4. Supporting Product and Platform Claims

The closing patterns move into supporting claim families such as assay kits, combinations, formulations, devices, and polymorph compositions. This shows that the same invention program may involve not just a therapeutic or diagnostic concept, but also products, systems, or delivery forms that support implementation.

A method comprising the steps of (a) providing a sample comprising a plurality of substances comprising X, (b) determining one or more modification sites of the substances comprising X, (c) identifying modifications that may be present at the one or more modification sites, and (d) characterizing the modifications at each modification site, thereby characterizing the modification site occupancy of the one or more substances comprising X.

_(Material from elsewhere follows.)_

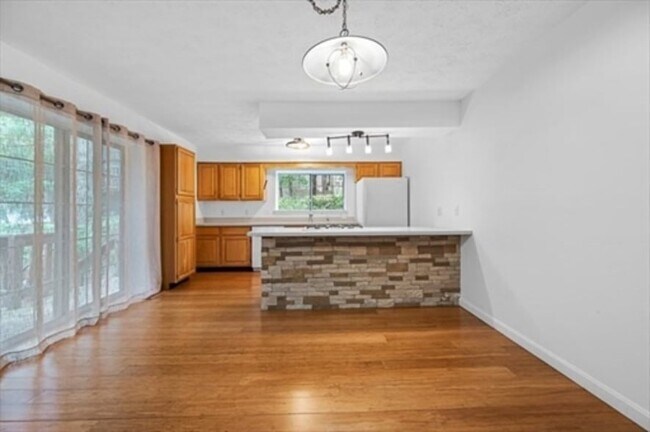 Building Photo - 54 Voyagers Ln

A diagnostic assay claim must have all the following phases: (1) an examination phase, involving the collection of data, (2) a comparison of the data with standard values, (3) a finding of any significant deviation, e.g., a symptom, and (4) a deductive medical decision phase, i.e., the attribution of the deviation to a particular clinical condition.

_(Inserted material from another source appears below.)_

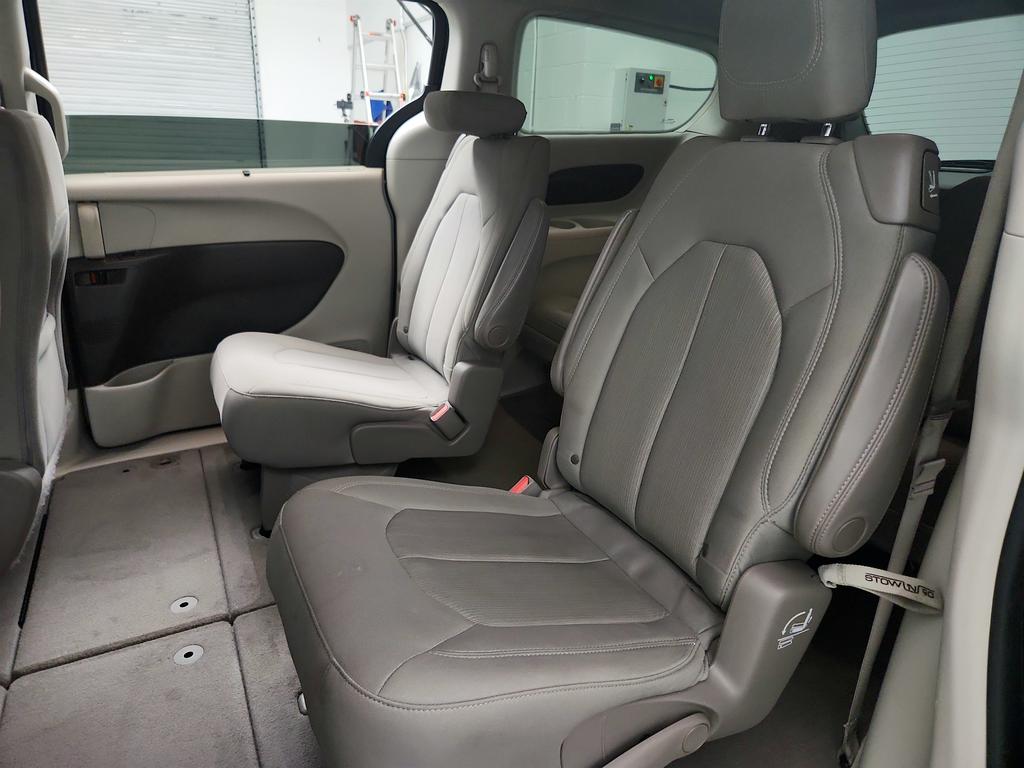 2020 Chrysler Pacifica - $12,495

An assay kit comprising the components [###].
A combination comprising the components [###].
A formulation comprising the components [###].
A device comprising the components [###].
A polymorph composition of matter comprising the components [###].

5. What the Claim Framework Shows

Taken together, the claims framework shows that claim drafting is not just about wording. It is about choosing the right family of claim structures for the invention being protected. That choice affects:

  • what must be disclosed;
  • how support must be shown;
  • what kinds of examples matter;
  • whether jurisdiction-specific exclusions become relevant; and
  • how the invention is positioned for review and prosecution.

The same underlying invention may be patentable in one jurisdiction through a method-of-treatment claim and in another only through a substance-for-use claim. The same compound may be protectable both as a composition and as a biologic-encoding nucleotide. The same therapeutic may support both a product claim and a diagnostic selection claim. Understanding which families apply — and how they interact with the specification — is foundational to effective patent strategy.

Why Claim Structure Matters

Claim structure decisions made at the drafting stage shape every downstream aspect of patent prosecution, enforcement, and licensing. The families documented here represent recurring patterns in patent practice — not an exhaustive taxonomy, but a practical library of structures that have been refined through active IP work in therapeutics, biologics, and diagnostics.